● **GIVEN RECORDS**:
------------------------------------

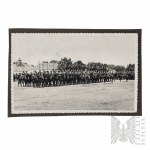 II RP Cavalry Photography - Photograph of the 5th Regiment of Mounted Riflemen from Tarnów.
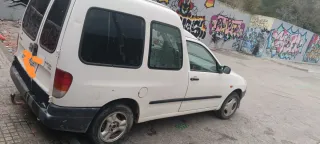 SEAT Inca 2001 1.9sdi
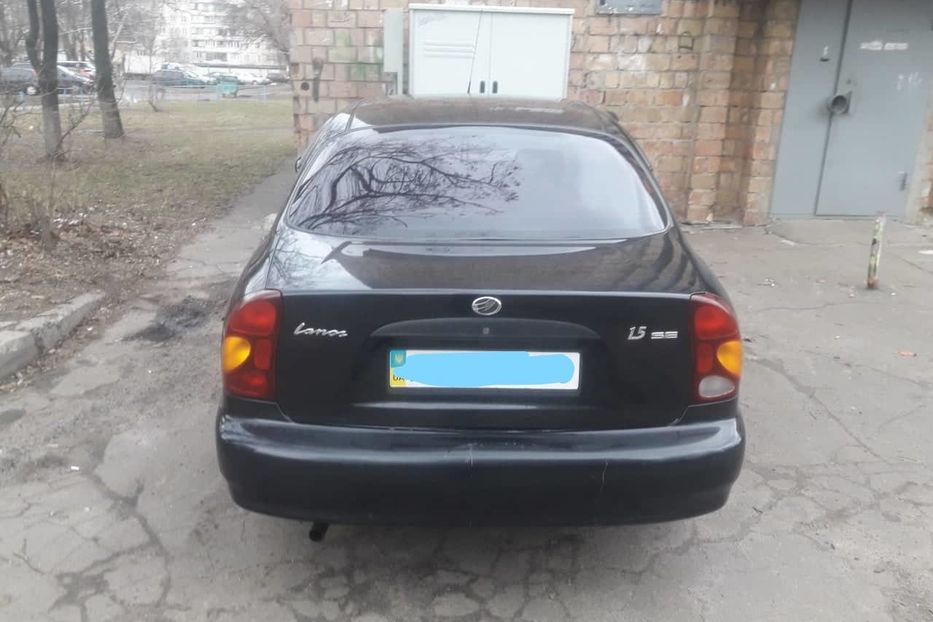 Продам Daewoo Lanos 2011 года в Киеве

------------------------------------

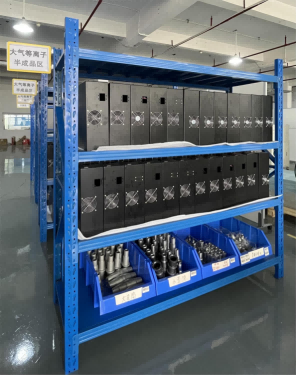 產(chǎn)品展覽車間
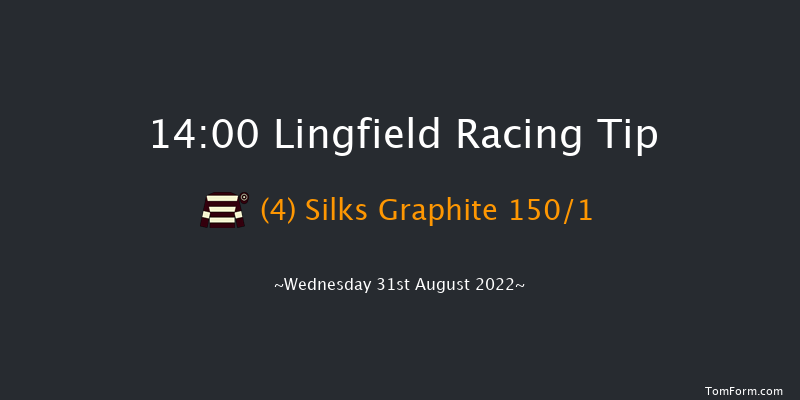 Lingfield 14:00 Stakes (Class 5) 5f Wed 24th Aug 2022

------------------------------------

● **WHAT YOU WILL DO**: Retype, exactly and with no pictures, everything above from the line with "II RP Cavalry" down to the line with "Продам Daewoo Lanos 2011 года в Киеве", both included.

● **ANSWER TO THE EXERCISE**:
 II RP Cavalry Photography - Photograph of the 5th Regiment of Mounted Riflemen from Tarnów.
 SEAT Inca 2001 1.9sdi
 Продам Daewoo Lanos 2011 года в Киеве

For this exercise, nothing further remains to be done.